The only remedy for it is death. It is inveterately bad, and is the very root and essence of the carnal mind and the sinful soul. It cannot be improved. You may educate it, but like the tiger’s cub it would some day strike the very hand that would caress it, and prove that still it has the tiger’s heart.
But you cannot kill it yourself. You may try, like Nero, to commit suicide and stab yourself a hundred times, but you will always miss the vital part. All that you can do is to hand it over to Christ, to pronounce the sentence of death upon it, to sign the death warrant, to give Him the right to slay it, and then to reckon it nailed to His cross and dead through His dying. “For if one died for all, then all died; and He died for all that they which live should not henceforth live unto themselves, but unto Him that died for them and rose again.”

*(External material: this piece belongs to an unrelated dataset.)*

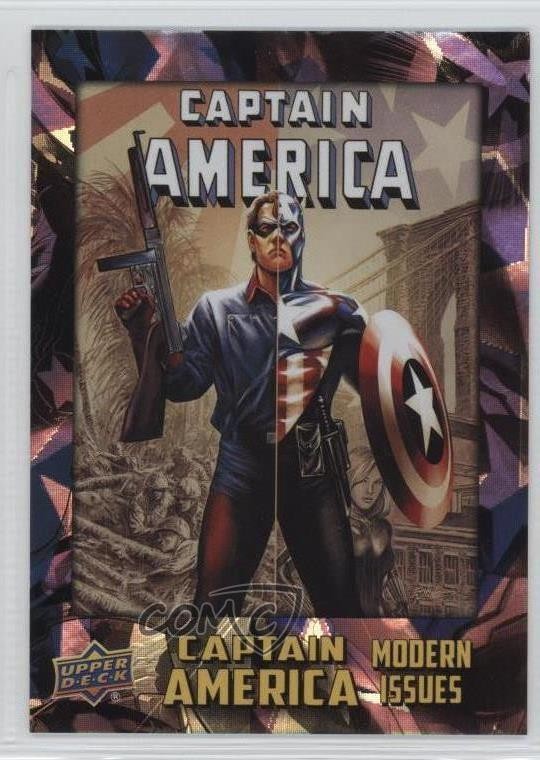 2016 Marvel 75th Anniversary White Foil 6/75 Captain America Vol 5 #43 0lu8
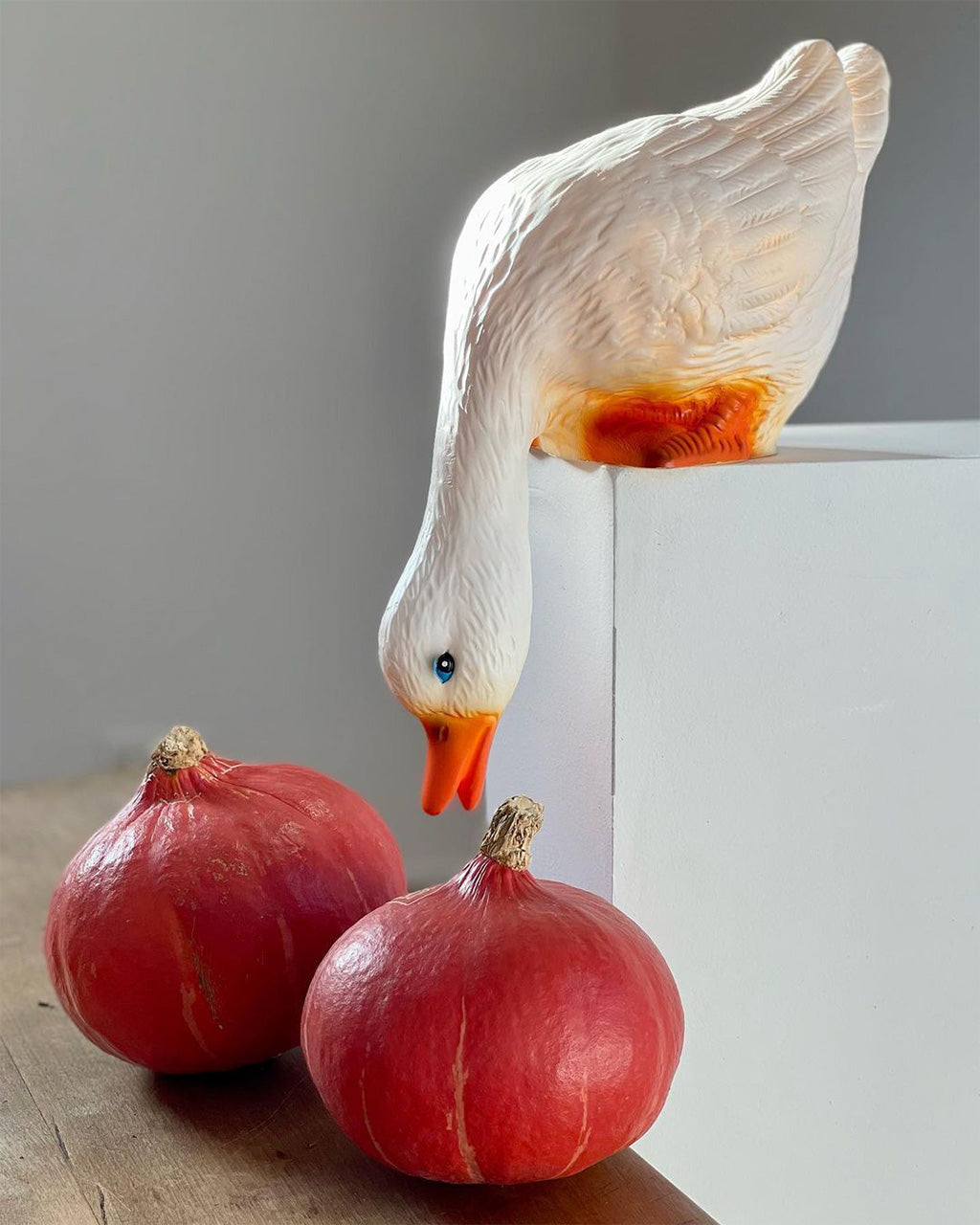 Duck Looking Down Lamp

Then not only will self pass out with Jesus on the cross, but love will come in with Jesus in the resurrection; and Christ’s life and Christ’s love will displace the old life of self and sin. What a marvelous power love has even in a human life to lift above the tyranny of self! We have seen sometimes a petted and selfish girl surrounded by wealth and admiration until she was wholly spoiled and became the center of the circle in which she lived, her whole being perverted by a refined selfishness. But we have seen that girl in after years a self-denying, loving wife and mother, devoted to the happiness of her husband, sharing his poverty, toiling for his comfort, and with a love that never wearied and a heart that never grew cold or tired nursing the little children that have come into her arms. What has cast out the idol of self from the throne of her heart? Nothing but love. A noble, beloved human friend came in and took the place that self had occupied. So the love of Jesus, when truly revealed by the Holy Spirit, wins the heart and makes us content without the things that once we demanded, because His smile is our sunshine and His love our heaven. It is Christ that displaces self, and turns the earthly heart into a land of Beulah and a Hephzibah of love and joy.
But this can only come through the coming of Christ Himself. Are we willing to believe that He is waiting to win, to occupy, and to satisfy these hearts of ours with His life of love, and the expulsive power of that new affection that will enable us henceforth to live “not unto ourselves but unto Him that died for us and rose again”? Only by the surrender of self can you really find the satisfaction of true self-love. While we seek for happiness we always miss it, but when, as Abraham laid his Isaac on the altar of Moriah, we lay down our life, then we find, as Abraham did, that what we gave – that we have, and what we would have kept – that we should have lost.”For he that saveth his life shall lose it, and he that loseth his life for My sake shall keep it unto life eternal.”